Wednesday, October 20, 2010

A Quick Update

Having a puppy is like having a big hairy baby that can crawl twice the speed of a normal baby and is 10 times more destructive. I am tied to the house a lot as Cal's bladder lasts about an hour, two at the very max when he hasn't eaten for a while. Considering the investment of time and energy, I would much rather have a baby, but as you know that's not up to us.

That said, as far as puppies go, Cal is pretty good. But, a puppy is a puppy. His saving grace is that he sleeps from 8 p.m. to 7 a.m. every night. He wakes up around 10 or 11 to go out, but then after that it's smooth sailing 'til morning. I just wish he could run around the house without being tied up and not destroy everything in sight. The puppy club leader said that by about 4 months they are usually good enough to let loose. Four months is a long ways away.

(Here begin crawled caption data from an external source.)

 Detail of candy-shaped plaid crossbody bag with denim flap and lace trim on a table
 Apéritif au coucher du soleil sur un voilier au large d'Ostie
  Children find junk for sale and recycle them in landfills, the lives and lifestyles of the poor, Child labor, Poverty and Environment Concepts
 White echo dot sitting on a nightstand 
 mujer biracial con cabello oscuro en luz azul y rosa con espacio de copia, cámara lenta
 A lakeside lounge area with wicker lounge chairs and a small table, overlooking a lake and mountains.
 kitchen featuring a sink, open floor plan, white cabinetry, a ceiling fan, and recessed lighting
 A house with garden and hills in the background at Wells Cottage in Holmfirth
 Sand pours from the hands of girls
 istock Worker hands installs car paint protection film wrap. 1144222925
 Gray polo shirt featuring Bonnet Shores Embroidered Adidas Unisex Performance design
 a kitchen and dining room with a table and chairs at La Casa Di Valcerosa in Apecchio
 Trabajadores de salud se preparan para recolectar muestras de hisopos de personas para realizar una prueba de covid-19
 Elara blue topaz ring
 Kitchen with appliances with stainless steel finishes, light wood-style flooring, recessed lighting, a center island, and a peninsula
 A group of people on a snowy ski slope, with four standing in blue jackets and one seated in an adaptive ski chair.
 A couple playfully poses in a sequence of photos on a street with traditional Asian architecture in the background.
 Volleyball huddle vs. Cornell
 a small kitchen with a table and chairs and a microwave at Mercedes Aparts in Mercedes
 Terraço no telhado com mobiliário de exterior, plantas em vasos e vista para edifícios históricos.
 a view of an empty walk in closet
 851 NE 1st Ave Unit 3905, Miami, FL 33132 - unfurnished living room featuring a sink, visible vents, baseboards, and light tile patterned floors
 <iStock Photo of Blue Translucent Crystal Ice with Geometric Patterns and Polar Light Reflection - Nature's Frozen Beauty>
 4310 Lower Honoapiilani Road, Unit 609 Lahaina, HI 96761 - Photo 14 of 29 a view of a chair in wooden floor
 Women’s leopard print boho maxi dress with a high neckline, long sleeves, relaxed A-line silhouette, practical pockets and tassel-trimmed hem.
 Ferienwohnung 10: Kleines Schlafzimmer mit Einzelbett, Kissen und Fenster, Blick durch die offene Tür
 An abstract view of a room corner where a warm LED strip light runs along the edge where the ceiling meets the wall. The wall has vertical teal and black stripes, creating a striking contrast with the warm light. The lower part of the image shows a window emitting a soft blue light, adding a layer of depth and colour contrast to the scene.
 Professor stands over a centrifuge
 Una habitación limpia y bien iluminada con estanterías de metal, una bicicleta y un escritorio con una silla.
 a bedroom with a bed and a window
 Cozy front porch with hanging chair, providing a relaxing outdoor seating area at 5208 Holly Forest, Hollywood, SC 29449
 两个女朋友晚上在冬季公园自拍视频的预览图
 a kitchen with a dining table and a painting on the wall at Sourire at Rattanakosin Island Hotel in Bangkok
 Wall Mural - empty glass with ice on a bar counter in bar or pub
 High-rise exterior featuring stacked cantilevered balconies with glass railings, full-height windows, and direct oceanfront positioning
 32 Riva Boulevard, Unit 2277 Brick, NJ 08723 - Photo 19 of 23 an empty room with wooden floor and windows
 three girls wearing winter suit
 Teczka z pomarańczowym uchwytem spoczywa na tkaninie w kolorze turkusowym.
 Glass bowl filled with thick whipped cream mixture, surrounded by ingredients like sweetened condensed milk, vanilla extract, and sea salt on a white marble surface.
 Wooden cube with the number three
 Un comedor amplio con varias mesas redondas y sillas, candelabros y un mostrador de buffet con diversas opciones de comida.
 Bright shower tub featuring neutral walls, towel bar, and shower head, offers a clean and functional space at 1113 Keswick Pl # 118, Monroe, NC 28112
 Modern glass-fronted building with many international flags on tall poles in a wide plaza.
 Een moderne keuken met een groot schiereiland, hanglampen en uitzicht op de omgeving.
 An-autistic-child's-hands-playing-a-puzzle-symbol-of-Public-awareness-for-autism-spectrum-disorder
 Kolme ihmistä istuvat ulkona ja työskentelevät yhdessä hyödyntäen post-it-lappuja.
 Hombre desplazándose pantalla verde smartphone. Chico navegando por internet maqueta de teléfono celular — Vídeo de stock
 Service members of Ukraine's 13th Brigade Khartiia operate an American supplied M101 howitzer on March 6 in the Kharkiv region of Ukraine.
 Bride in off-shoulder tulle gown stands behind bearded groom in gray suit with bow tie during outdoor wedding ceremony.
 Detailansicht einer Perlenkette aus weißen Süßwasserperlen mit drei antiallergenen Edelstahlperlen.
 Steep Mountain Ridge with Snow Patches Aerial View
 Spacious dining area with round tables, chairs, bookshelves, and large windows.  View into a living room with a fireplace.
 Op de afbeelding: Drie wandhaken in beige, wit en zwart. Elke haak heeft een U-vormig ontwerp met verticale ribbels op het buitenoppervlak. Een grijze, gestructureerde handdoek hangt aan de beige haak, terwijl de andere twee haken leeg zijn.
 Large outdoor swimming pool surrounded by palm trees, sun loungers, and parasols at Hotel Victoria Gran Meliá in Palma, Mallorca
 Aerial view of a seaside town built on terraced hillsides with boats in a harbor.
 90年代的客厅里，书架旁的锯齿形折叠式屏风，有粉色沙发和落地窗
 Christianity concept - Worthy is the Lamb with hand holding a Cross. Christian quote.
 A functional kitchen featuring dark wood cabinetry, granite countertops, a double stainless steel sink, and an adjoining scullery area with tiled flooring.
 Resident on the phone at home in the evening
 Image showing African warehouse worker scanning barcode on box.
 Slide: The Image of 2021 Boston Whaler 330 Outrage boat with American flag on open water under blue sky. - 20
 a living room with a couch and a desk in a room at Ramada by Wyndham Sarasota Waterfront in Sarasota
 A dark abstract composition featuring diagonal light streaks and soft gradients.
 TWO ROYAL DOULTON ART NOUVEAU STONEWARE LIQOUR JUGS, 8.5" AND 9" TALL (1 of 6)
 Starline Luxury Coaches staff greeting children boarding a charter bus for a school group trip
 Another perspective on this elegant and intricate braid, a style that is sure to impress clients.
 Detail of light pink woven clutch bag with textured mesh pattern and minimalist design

Thursday, October 14, 2010

The Puppy Truck

Today was P-day--the day our puppy was to arrive on the puppy truck! The kids could hardly wait. But they did have to wait for about half an hour after we got to the drop-off site. Justin made excellent use of the time with some parked paving equipment. Grace was bored and kept asking me when I thought the truck would get there. Spencer was quiet, as usual.




And then it came! Pretty unmistakable with those cute puppies on the side.

Puppy club die-hards waiting to greet the truck even though only Spencer and one other girl were getting puppies this time.

Then they gave us this! Meet Cal (because he's from California). He's 10 weeks old and cute as can be!



So far...he's eaten, explored, peed on the carpet three or four times, peed where he's supposed to three or four times and taken some naps. Now he's asleep in his crate and we'll see just how long his bladder can go at night. Oh, boy.

Tuesday, October 12, 2010

It's a Boy!

Yeah, I know, you've heard that before. It's not what you're thinking (though I wish it was!). Let me explain...
Look at that smile!
Tonight we got the exciting news that Spencer (with Grace as his assistant) will be the proud puppy raiser of a male black lab for the next year and a half! Spencer, Grace and I have been preparing for a couple of months to become official puppy raisers for Guide Dogs for the Blind. Our pup will be arriving from California around noon on Thursday. His name starts with a C, but we won't know what it is until he gets here. He is about 8 weeks old. The puppy club leader, Traci, had two balloons at tonight's meeting to tell Spencer what type of dog he would be getting. Blue for male with a C on it for the name, and a black balloon for the puppy's color. He also got to choose $15 worth of supplies from the store. He chose a food dish, chew toy, brush and something called Nature's Miracle which is supposed to be the absolute best thing for cleaning up accidents...a product I will hope never to use, but, realistically speaking, I hope only to go through one bottle.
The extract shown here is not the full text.